Forsling almost gave in. But he was the one who’d called for the protest outside of the bakery. “Someone has to stand up to the lies about the ‘Holocaust’ and the threat of Zionism,” he’d told the other drunks at The Storm Trooper bar the night before. If he didn’t show up, he’d lose face.
“I got to go,” he’d said. “We’re having an important meeting. Promise me you won’t smoke in bed.” But his mother shifted her bulk and turned away from him without saying anything.
“I’ll see you later, Mother,” he’d said. “I’ll check in with you when I get home.”
There was still no reply, so he’d left without saying anything else. As usual, he felt guilty leaving her; then again it was no different than any other time he tried to do anything on his own. She even complained when he got the job checking out the tenement construction site, shining a flashlight around a couple times a night to make it look like there was regular security. He didn’t like going over there at night—there were a lot of spics and niggers in that neighborhood—but he didn’t have a lot of employment options, and he was trying to save up for his move to Idaho.

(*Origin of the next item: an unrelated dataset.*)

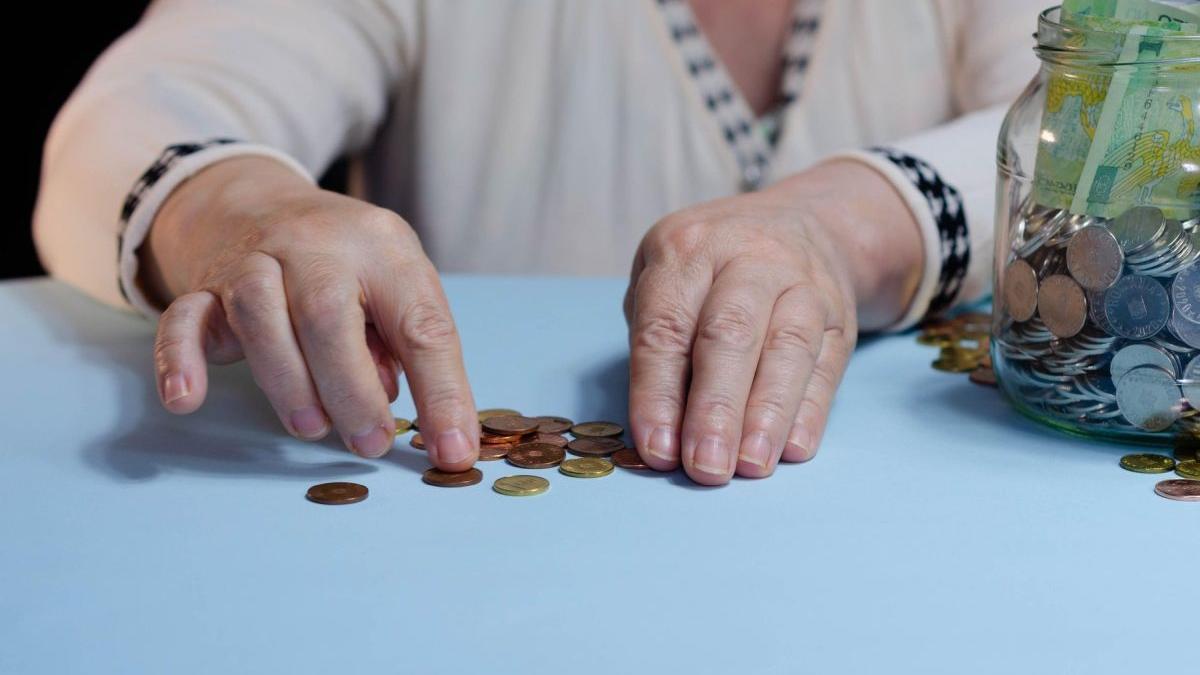 alimente mese calde ingrijire medicala pensionari romani marcel bolos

Looks like I’ll be moving sooner than expected, he thought as he began climbing the stairs to the top of the building. He’d saved a few hundred dollars and there’d been roughly another hundred in the till at The Storm Trooper. Enough to get out there, he figured, and once there, he’d drop some hints that he’d been responsible for the car bombing they might have heard about in New York. He imagined the admiring acceptance he’d receive once among the white supremacist militias; he’d assume a fake name and identity and blend in.
Thinking about his new life was followed by a pang of guilt. His mother was lying in a morgue, her skin charred, her lips curled in some ghastly grimace of pain. He imagined the dark figures who’d crept into their home and up the stairs in the dark, dousing her with gasoline as she slept and then lighting the match. She would have woken from her drunken stupor as the flames engulfed her and pain began. And there was no one to protect her. No one to save her.

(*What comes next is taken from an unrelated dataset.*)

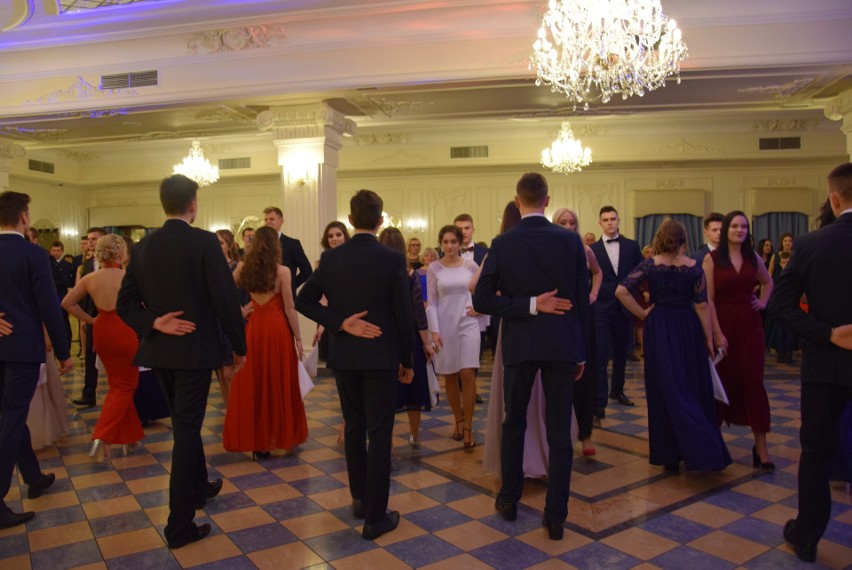 Studniówka 2019 Bal LO Mońki w Dworze Czarneckiego [ZDJĘCIA, WIDEO]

She’d died alone as predicted.
The thought made him angry, and he climbed the stairs faster. He was going to get his revenge and then he’d be on his way to the Promised Land. He’d explained it all to the teenagers and the old woman as they drove north on Third Avenue. “Blame your old man for what’s going to happen,” he said. “He’s trying to frame me for setting off that car bomb . . . him and that nigger cop of his. That’s the way you Jews operate. Figure out who needs to be removed so that you can get away with your lies, then get the mud people to do your dirty work.”
“My dad wouldn’t frame anybody. You didn’t plant the bomb?” the skinnier of the teens asked.
Forsling scoffed. “No. I had nothing to do with it, though I could not care less that there’s one less Jew in the world. I was there to stand up to the lies about the Holocaust. But I didn’t kill anybody. I was sitting in a cop car when the bomb went off. But they hauled my ass to jail, and then burned my mom out, so now you got to pay.”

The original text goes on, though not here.